Still, I read these articles with interest, because my "size matters" rule is somewhat ad hoc, and there might be a factor that I'm overlooking.
Maybe you can help me with this... I want to measure the quality of light in my home and office. CRI seems to be the right metric, and it seems that the cheapest option is a $2000 (Sekonic) hand-held device. Are there cheaper options? I don't need much precision, just enough info to understand that these lightbulbs over here are much better than those other lightbulbs over there.
I am puzzled as to why it has to be so expensive. I would think one can put a prism, project the light over the surface of a black-and-white CCD sensor and measure the light intensity along the length, giving a reasonably good idea of how much energy is deposited into each wavelength range. I feel like one of these can be made for $20 in parts?
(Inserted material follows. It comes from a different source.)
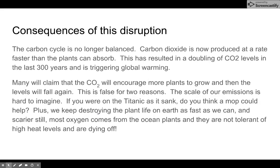What are the consequences of this disruption? The carbon cycle is no longer balanced. Carbon dioxide is now produced at a rate faster than plants can absorb, causing a doubling of CO2 levels in the last 300 years, and is triggering global warming. Many will claim that the CO2 will encourage more plants to grow and then levels will fall again. This is false for two reasons — the scale of our emissions is hard to imagine. If you are on the Titanic as it sank, do you think a mop could help?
You can get a plastic DSLR camera body cap for less than 50 cents each (ebay from China). This cap goes where the lens would attach the camera when you don't have a lens on. Sometimes I cut a hole in the center of a cap and make really hacky camera "lenses" for fun. You could put a prism on the outside of a cap.
You would then need to calibrate your new spectra-cam on something with a known radiation (usually just find a good blackbody radiator.) You can't just convert to black and white without calibration because the RGB sensors on the camera are going to have their own sensitivity to different wavelengths. This would be an awesome project!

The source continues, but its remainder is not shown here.